| Problem description |
Would you reproduce exactly the lines below from the one holding "July 2 - August" through the one holding "Киви – экзотическое", inclusive, and no others?

==== Recorded data

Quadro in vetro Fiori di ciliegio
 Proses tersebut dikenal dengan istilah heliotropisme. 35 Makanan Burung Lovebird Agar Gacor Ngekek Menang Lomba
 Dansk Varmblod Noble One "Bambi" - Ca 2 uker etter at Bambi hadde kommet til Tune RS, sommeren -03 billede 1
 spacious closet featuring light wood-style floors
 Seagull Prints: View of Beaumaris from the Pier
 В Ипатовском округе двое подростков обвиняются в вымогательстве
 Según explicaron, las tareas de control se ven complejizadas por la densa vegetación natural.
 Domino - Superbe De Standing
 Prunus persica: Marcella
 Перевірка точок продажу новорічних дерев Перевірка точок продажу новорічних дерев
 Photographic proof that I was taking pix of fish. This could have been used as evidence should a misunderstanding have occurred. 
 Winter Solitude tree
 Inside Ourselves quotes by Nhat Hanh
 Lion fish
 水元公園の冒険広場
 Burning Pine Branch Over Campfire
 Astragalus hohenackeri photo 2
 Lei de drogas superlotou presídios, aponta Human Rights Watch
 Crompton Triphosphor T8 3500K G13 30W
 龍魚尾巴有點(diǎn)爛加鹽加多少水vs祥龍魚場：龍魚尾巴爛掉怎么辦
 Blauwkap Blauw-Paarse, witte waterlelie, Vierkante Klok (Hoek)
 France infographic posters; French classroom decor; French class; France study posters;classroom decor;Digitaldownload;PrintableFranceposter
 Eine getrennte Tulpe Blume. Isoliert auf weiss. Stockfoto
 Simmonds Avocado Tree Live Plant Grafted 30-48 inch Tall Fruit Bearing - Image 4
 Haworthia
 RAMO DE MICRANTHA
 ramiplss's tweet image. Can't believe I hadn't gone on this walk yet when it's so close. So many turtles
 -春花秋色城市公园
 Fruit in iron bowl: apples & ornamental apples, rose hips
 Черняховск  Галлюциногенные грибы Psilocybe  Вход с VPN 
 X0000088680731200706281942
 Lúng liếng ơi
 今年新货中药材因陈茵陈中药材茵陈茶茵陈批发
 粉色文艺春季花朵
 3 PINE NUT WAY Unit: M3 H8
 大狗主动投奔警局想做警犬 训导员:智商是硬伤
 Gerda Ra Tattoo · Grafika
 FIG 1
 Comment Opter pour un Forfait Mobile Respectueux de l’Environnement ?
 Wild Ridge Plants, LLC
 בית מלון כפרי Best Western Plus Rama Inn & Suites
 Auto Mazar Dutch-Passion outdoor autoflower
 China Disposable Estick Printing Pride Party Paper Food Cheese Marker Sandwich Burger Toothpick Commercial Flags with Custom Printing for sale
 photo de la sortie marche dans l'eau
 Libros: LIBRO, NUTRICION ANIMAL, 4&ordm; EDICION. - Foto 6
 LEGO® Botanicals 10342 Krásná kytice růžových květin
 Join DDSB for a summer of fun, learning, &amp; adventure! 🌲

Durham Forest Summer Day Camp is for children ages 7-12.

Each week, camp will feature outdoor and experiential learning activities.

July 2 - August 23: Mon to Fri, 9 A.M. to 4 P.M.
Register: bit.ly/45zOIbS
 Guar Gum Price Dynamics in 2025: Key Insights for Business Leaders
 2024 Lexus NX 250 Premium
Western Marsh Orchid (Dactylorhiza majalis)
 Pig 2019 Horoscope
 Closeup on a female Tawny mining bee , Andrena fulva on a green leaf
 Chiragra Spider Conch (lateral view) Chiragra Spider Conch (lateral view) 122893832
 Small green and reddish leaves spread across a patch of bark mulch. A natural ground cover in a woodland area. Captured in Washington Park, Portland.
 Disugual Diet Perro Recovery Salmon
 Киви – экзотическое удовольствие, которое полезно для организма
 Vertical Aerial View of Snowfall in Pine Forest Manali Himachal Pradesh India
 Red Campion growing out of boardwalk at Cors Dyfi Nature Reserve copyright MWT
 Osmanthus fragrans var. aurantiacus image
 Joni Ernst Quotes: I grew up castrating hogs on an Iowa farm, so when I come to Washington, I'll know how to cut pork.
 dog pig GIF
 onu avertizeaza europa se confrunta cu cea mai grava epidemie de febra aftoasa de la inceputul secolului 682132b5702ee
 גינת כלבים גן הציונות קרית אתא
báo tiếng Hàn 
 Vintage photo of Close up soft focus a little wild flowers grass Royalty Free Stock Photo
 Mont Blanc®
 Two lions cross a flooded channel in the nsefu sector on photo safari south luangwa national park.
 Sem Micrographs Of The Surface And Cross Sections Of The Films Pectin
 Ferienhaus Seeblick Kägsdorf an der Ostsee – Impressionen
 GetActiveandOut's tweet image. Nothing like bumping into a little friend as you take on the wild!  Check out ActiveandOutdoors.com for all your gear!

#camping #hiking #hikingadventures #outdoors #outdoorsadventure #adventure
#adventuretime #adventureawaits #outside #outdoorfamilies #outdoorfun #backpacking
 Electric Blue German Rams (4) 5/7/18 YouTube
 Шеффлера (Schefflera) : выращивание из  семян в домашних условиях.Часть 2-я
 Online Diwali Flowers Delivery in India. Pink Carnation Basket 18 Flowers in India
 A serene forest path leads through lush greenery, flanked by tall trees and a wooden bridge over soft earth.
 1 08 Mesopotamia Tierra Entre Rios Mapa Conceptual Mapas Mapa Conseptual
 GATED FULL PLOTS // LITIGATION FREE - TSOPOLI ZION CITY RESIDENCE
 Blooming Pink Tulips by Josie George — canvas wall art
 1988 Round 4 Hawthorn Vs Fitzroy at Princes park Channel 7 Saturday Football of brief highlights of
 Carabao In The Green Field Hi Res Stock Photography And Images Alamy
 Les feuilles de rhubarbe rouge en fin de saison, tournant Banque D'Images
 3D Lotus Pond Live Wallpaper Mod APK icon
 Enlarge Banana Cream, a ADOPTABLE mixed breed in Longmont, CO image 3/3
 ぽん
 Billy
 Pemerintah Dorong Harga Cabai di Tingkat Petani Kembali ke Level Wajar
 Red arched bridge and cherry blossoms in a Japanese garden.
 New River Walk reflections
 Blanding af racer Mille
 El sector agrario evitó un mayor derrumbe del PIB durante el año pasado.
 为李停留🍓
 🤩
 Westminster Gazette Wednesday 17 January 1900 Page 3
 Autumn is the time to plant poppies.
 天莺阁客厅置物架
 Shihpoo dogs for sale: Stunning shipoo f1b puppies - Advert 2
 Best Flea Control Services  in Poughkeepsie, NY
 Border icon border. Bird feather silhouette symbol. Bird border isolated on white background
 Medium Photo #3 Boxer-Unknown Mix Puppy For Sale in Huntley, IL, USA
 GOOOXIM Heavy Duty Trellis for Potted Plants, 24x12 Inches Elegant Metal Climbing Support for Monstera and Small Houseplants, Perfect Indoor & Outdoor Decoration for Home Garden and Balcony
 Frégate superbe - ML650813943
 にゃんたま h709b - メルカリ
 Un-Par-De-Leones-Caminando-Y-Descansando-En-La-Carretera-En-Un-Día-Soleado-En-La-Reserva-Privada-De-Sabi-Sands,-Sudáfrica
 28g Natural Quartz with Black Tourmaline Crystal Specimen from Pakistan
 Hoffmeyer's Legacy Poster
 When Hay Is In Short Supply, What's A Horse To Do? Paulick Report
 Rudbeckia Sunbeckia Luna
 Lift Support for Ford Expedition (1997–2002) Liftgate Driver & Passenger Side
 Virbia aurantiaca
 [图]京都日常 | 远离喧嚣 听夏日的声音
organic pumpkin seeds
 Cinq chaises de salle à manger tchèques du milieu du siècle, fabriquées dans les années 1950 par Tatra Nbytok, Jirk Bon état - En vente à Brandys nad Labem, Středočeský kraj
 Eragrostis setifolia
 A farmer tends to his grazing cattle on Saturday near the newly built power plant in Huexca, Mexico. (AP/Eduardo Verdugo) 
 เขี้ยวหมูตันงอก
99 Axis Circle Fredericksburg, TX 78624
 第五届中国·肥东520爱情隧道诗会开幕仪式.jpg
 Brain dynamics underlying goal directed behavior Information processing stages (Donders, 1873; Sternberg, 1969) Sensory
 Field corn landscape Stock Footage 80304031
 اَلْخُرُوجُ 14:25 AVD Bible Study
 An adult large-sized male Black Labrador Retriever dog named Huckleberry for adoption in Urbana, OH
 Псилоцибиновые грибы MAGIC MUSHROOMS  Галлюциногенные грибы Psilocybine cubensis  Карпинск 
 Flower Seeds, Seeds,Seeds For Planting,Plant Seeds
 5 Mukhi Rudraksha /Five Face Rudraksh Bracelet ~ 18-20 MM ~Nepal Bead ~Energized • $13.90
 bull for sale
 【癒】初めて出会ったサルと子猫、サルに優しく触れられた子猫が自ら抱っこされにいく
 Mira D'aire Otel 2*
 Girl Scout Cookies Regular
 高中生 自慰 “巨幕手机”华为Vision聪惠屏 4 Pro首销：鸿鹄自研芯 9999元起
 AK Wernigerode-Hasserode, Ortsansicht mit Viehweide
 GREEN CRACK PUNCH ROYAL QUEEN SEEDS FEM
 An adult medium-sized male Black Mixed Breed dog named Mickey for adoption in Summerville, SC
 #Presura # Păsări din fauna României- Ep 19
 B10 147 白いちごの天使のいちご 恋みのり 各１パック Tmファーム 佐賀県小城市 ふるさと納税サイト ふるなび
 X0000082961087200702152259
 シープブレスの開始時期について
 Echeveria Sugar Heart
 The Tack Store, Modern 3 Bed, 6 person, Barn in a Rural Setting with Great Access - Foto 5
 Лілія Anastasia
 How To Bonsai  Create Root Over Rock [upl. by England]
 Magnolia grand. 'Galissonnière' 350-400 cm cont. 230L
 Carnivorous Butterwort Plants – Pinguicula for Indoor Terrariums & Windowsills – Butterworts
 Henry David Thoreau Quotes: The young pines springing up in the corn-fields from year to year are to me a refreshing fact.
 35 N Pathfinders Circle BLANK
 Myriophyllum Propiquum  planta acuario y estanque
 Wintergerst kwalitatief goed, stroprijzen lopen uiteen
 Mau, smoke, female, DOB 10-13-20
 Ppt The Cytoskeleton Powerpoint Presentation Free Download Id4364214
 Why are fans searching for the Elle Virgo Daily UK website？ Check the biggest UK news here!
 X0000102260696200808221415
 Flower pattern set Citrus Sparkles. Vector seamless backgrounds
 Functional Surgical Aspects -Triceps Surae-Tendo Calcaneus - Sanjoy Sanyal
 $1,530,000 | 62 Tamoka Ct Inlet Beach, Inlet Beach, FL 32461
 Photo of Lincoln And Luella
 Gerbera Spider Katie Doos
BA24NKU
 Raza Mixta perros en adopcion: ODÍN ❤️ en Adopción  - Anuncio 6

========

| Solved problem |
July 2 - August 23: Mon to Fri, 9 A.M. to 4 P.M.
Register: bit.ly/45zOIbS
 Guar Gum Price Dynamics in 2025: Key Insights for Business Leaders
 2024 Lexus NX 250 Premium
Western Marsh Orchid (Dactylorhiza majalis)
 Pig 2019 Horoscope
 Closeup on a female Tawny mining bee , Andrena fulva on a green leaf
 Chiragra Spider Conch (lateral view) Chiragra Spider Conch (lateral view) 122893832
 Small green and reddish leaves spread across a patch of bark mulch. A natural ground cover in a woodland area. Captured in Washington Park, Portland.
 Disugual Diet Perro Recovery Salmon
 Киви – экзотическое удовольствие, которое полезно для организма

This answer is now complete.